** INFORMATION **

___

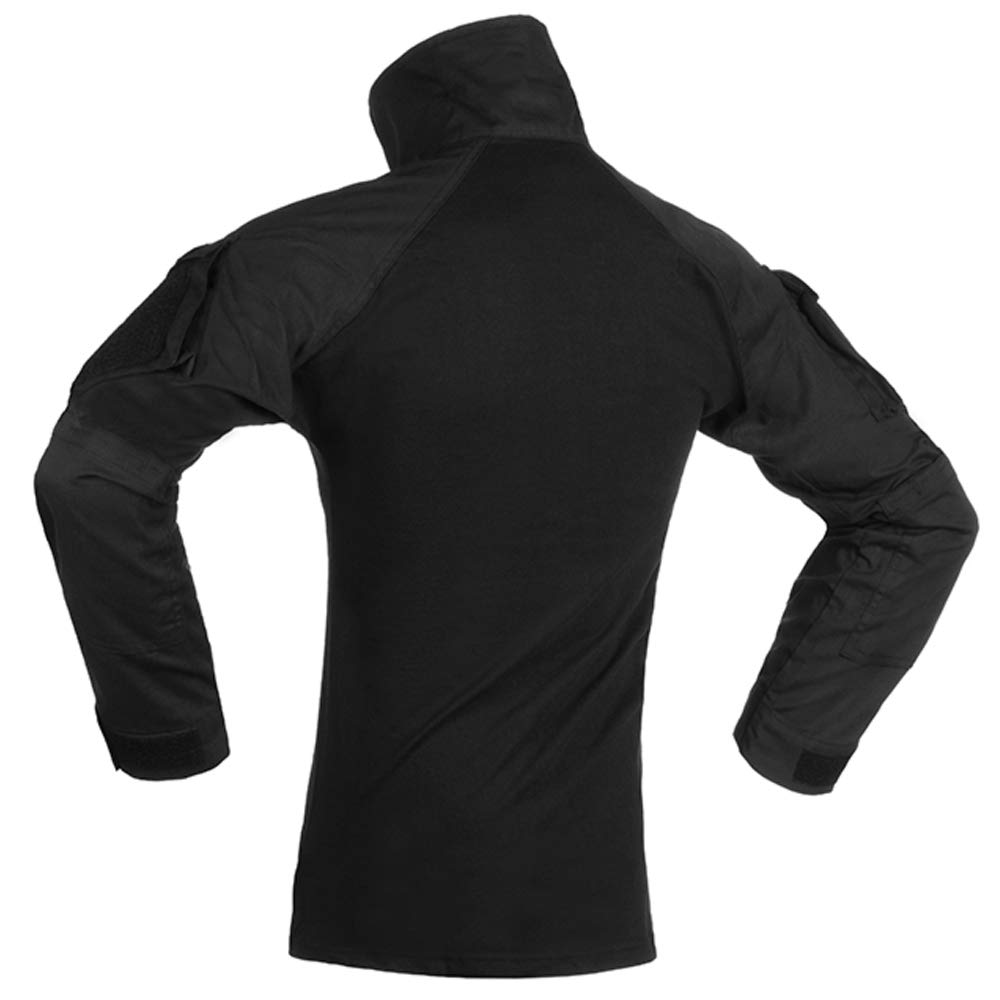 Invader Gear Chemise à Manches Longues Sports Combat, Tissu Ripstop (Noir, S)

___

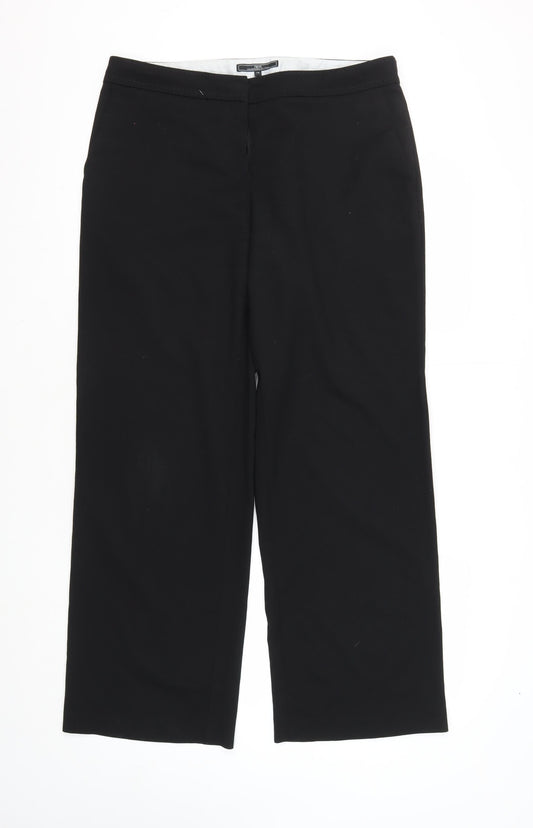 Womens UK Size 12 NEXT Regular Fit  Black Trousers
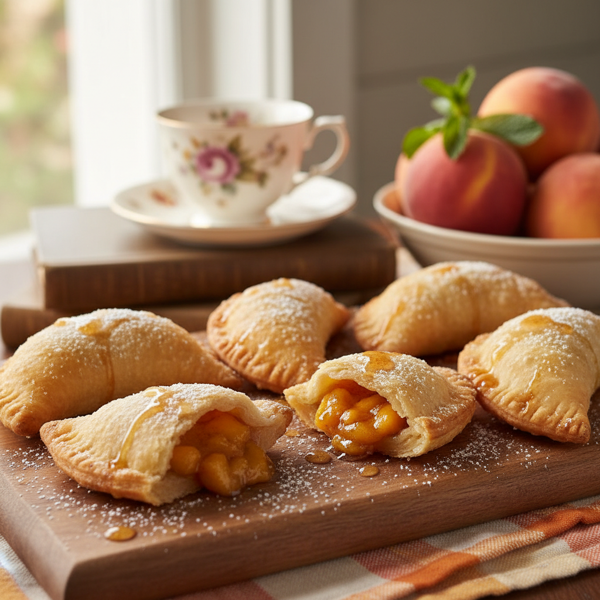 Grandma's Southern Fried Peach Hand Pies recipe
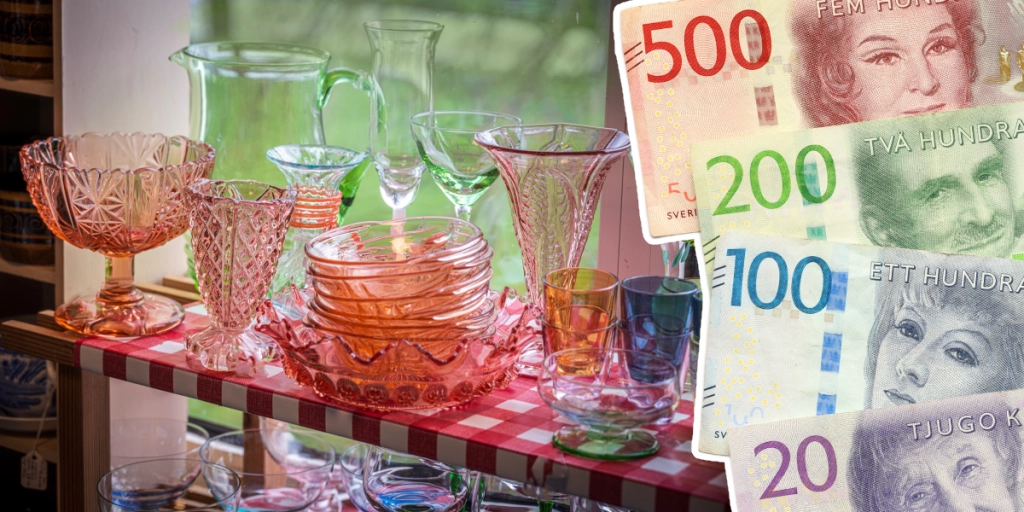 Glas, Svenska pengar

___

** HOW TO COMPLETE THIS TASK **
Of the records above, print only the lines from the one containing "Womens UK Size" through the one containing "Glas, Svenska pengar", inclusive and unaltered, leaving out pictures.

** RESULT FOR THIS EXERCISE **
 Womens UK Size 12 NEXT Regular Fit  Black Trousers
 Grandma's Southern Fried Peach Hand Pies recipe
 Glas, Svenska pengar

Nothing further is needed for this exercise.